Ela não se arrepende do risco que assumiu, com a opção de montar Leonce e Lena. Atribuindo o pouco sucesso da peça, em parte, à ideia equivocada da maioria das pessoas de que o Tablado se ocupa somente de teatro infantil, ela diz que a experiência valeu a pena.
Mães que assistiram à peça levam filhos
– O Tablado é um teatro-escola e, por isso, embora difícil, foi válida a montagem do texto de Buchner. Mas, como não somos subvencionados pelo Governo, é preciso que as peças paguem seus próprios custos, para podermos sobreviver.
Há pouco mais de um mês em cartaz, O Rapto das Cebolinhas – que prossegue carreira até fim de janeiro, retornando a partir de março – tem conseguido mais do que pagar seus próprios custos, liquidando já quase totalmente os prejuízos deixados por Leonce e Lena. Além da compensação financeira, existe também, como conta Maria Clara, a de ver na plateia pais e mães que assistiram à peça quando jovens e hoje levam seus filhos para também se divertirem com as trapalhadas do Camaleão Alface. A cada vez que as cortinas se fecham, ao fim do espetáculo, a diretora é procurada por muitos destes pais – e, uma vez, também por uma avó, acompanhando o filho e uma neta – que lhe contam ter experimentado a mesma emoção sentida da primeira vez em que viram a peça. Diz Maria Clara:
– Isso tem me dado um prazer enorme. Ver que a peça continua atual e que o Tablado já desenvolveu uma tradição que passa por três gerações.

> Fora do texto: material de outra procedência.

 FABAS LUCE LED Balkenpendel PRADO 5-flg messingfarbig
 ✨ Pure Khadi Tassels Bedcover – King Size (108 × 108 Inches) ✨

Em que medida, porém, O Rapto continua atual, para uma geração formada pela televisão, pelas histórias em quadrinhos, pela violência da vida e dos filmes modernos? Não pareceria hoje ingênua, a essas crianças, a trama do assalto às cebolinhas quando tantos outros assaltos ocorrem diariamente? Baseada na reação do público, que vem acompanhando a cada fim de semana, a diretora responde:
– A peça conta a história de um bandido que se disfarça em detetive – quer coisa mais atual do que isso? A cebola é apenas um símbolo, poderia tratar-se de um tesouro ou de qualquer outra coisa. E há também todo o lado do humor, que não se perdeu com o tempo. O público de hoje é bem mais barulhento do que o daquela época, mas eu não acho educativo deixar o berro solto. Pergunto sempre às crianças se elas ouvem com a boca ou com o ouvido. Aí, elas ficam quietas e adoram a história.
Por causa do aumento da violência, porém, Maria Clara resolveu fazer uma modificação – a única – no texto original. “Para não incitar as crianças”, retirou a cena em que, descoberto o ladrão, todos se atiram sobre ele. “No contexto de hoje”, diz ela, “ficava parecendo um linchamento”. A outra transformação fica por conta da plateia. Ao contrário do que ocorria com Napoleão Moniz Freire, o intérprete do Camaleão Alface na primeira encenação da peça, que era apedrejado pelas crianças na saída do teatro, o seu substituto, Jorge Guinhos, pode hoje deixar o teatro tranquilamente. Embora igualmente entretida com o espetáculo, a nova geração parece estar mais familiarizada com as falcatruas do esperto antagonista.